Tuesday, December 16, 2008

Chinese 'classical poem' was brothel ad



Source: The Independent

A respected research institute wanted Chinese classical texts to adorn its journal, something beautiful and elegant, to illustrate a special report on China. Instead, it got a racy flyer extolling the lusty details of stripping housewives in a brothel.


Chinese characters look dramatic and beautiful, and have a powerful visual impact, but make sure you get the meaning of the characters straight before jumping right in.

There were red faces on the editorial board of one of Germany's top scientific institutions, the Max Planck Institute, after it ran the text of a handbill for a Macau strip club on the front page of its latest journal. Editors had hoped to find an elegant Chinese poem to grace the cover of a special issue, focusing on China, of the MaxPlanckForschung journal, but instead of poetry they ran a text effectively proclaiming "Hot Housewives in action!" on the front of the third-quarter edition. Their "enchanting and coquettish performance" was highly recommended.


This is unbelievable. There is a Chinese person in every city in the world I think.
Chinese people outnumber every other type of 'people' in the world. And this journal couldn't find ONE chinese person to proofread this?

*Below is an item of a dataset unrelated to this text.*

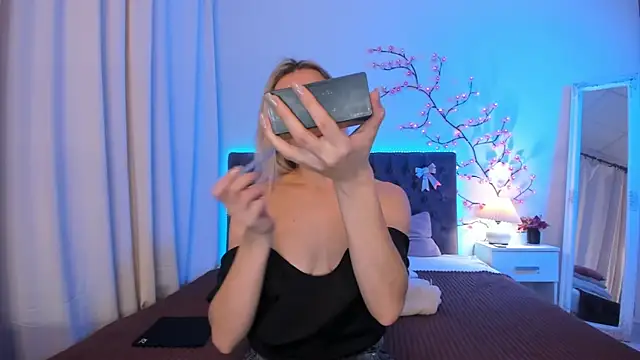 KateOwyns online show from 03/26/26, 01:49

Look around your office right now. Wherever you work, there is a person who can read Chinese no more than 20 metres from you.

4 comments:

Russ Nelson said...

Maybe they *did* get a Chinese-speaking person to review it, and that person had a sense of whimsey?

Anthony said...

I like the last comment in that article. "Another web-user wrote: "I recently met a German girl with a Chinese tattoo on her neck which in Chinese means 'prostitute'. I laughed so loud, I could hardly breathe.""

Anonymous said...

I saw this story and thought exactly the same thing as you did about finding people to proofread the Chinese... although I had a larger radius than 20 metres in not as multiculturally metropolis an area as some. I've done it before to share something in Chinese (I'm Vietnamese). Great job!

Degenerasian said...

Yeah it must be some joke. How would a non-Chinese person even find this poster to be begin with and even dare put something in a publication that he had no idea what it meant.

Just as I wouldn't publish a bunch of Egyptian hieroglyphics on this blog if I had no clue what it meant.